A desigualdade de gênero se reflete nas carreiras jurídicas? De que modo a sociedade pode promover a igualdade de oportunidades entre homens e mulheres? Qual deve ser o papel do Poder Judiciário?

O Século XXI convive com grandes avanços tanto em nível constitucional, quanto legal para a proteção da mulher e a garantia de seu espaço no mercado de trabalho. A igualdade formal é plena. Entretanto, ainda há muito a ser conquistado para implementar a igualdade de gênero.

Em uma análise mais local do problema, com foco específico no Poder Judiciário brasileiro, de acordo com o último Censo do Poder Judiciário elaborado pelo CNJ, com dados de 2013 e publicado em 2014, os homens ainda são maioria na carreira da magistratura, no percentual de 64,1% de juízes contra 35,9% de juízas. O ramo do Poder Judiciário que caminha mais próximo de uma igualdade paritária de gênero em sua composição é a Justiça do Trabalho, que conta com 53% de magistrados do sexo masculino e 47% de magistradas.

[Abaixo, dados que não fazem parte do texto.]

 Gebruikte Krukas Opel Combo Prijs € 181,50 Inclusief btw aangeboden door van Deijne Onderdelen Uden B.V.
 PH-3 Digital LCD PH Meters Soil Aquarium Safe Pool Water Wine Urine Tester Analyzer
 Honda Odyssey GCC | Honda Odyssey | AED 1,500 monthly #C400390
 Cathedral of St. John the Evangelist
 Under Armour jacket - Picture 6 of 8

Dentre os diversos níveis hierárquicos na magistratura, o índice de mulheres decresce à medida que há um avanço na carreira. A situação já é um pouco diferente quando se trata do recorte de gênero na composição dos servidores do Poder Judiciário. Segundo o mesmo Censo, ingressam em média mais mulheres no serviço público do que homens. No biênio 2012/2013, enquanto as mulheres representavam 50,4% dos servidores efetivos, os homens constituíam 49,6%. Em anos anteriores, essa diferença foi ainda maior.

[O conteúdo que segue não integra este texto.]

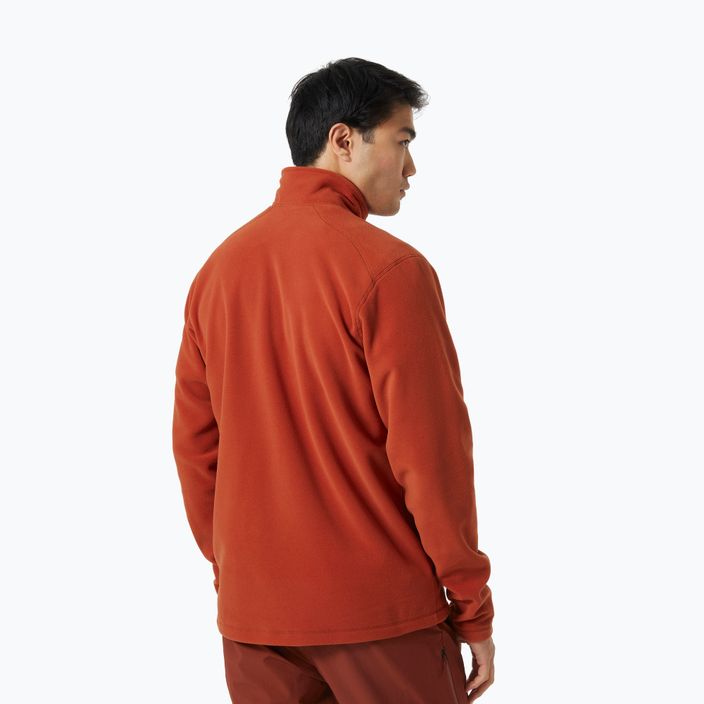 Helly Hansen vyriškas vilnonis džemperis Daybreaker oranžinis 51598_219 2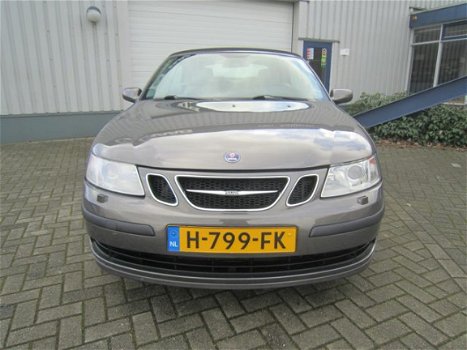 Saab 9-3 Cabrio - 2.0t Linear Automaat - 1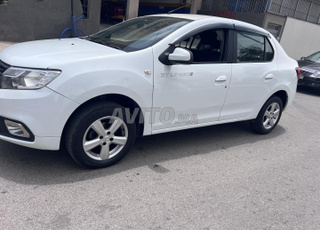 داسيا لوجان ديزل يدوي 2019 في الدار البيضاء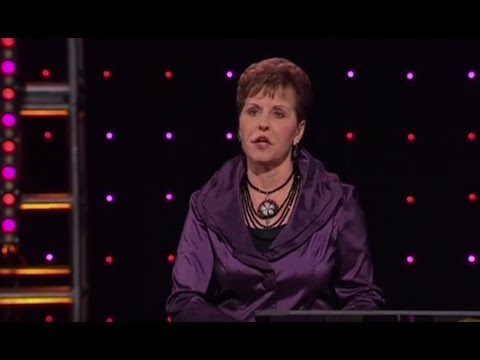 Power Thoughts (2) – Joyce Meyer – Strengthening Personality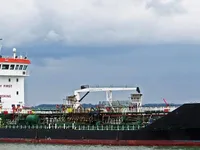 Tangki minyak/kimia untuk dijual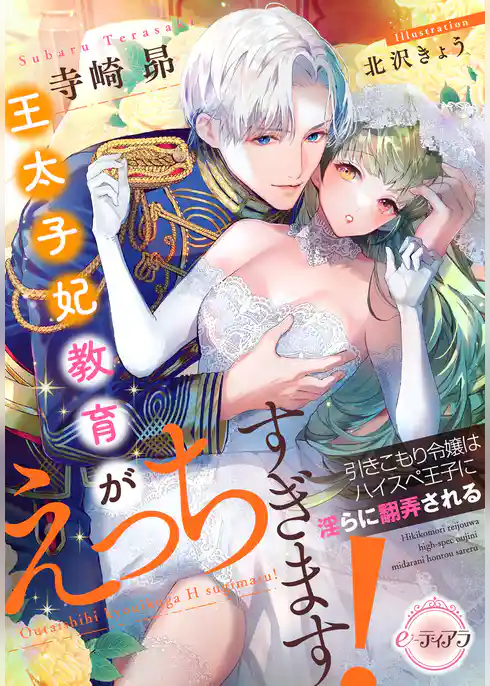 王太子妃教育がえっちすぎます！　引きこもり令嬢はハイスペ王子に淫らに翻弄される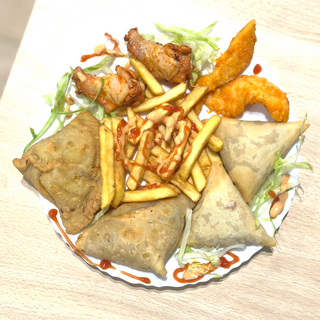 Especial Galaxy menú 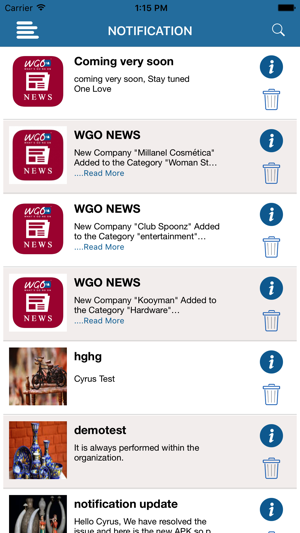 WGO (What’s Go¿ng On)(圖3)-速報App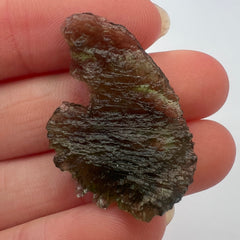 3.10g Moldavite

Se for feita uma análise dos ramos do Poder Judiciário, as mulheres são maioria na Justiça Estadual, Justiça Eleitoral, Justiça do Trabalho, Justiça Militar Estadual e Justiça Federal. Apenas nos tribunais e conselhos superiores perdem por 0,8% a 3,3% para os homens.

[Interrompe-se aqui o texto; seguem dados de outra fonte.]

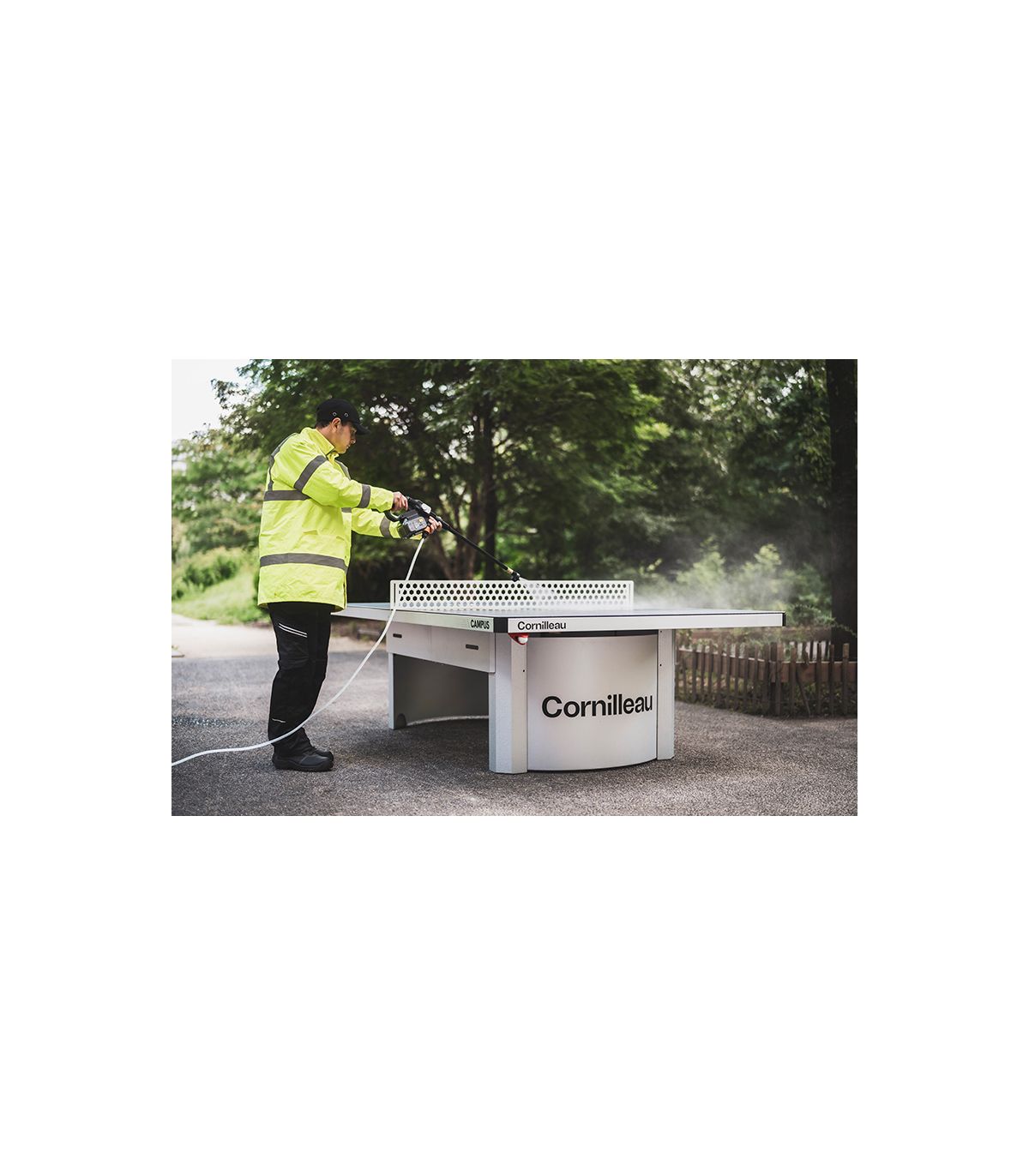 NETTOYAGE CORNILLEAU 510 CAMPUS OUTDOOR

É possível concluir que, entre os servidores do Judiciário, as mulheres já têm ganhado bastante expressão e espaço em termos quantitativos. Na magistratura, também tem crescido o percentual feminino. Um dos fatores que proporciona essa equalização é o acesso às carreiras públicas por meio de aprovação em concurso público de provas e títulos.

Em maio do ano passado decisão do STF proibiu o trabalho de grávidas e lactantes em locais insalubres, contrariando norma aprovada na reforma trabalhista. A senhora acredita que essa decisão poderá impactar negativamente as mulheres no mercado de trabalho?

Em 29/05/2019, o Plenário do STF referendou a decisão do Ministro Alexandre de Moraes, vencido o Ministro Marco Aurélio Mello, no sentido de que empregadas grávidas ou lactantes não podem trabalhar em condição insalubre, devendo ser realocadas em outra atividade ou afastadas do trabalho mediante licença médica, independentemente de apresentarem prévio atestado médico. Acredito que não haverá repercussão negativa para o mercado de trabalho da mulher, uma vez que a declaração de inconstitucionalidade pelo STF retoma o que já era regra nas relações de trabalho antes da reforma trabalhista de 2017. De toda a reforma trabalhista, este foi o único dispositivo declarado inconstitucional.

As taxas de desemprego pouco variaram desde a aprovação da reforma trabalhista, que tinha dentre os objetivos declarados a geração de postos de trabalho. O que houve de errado?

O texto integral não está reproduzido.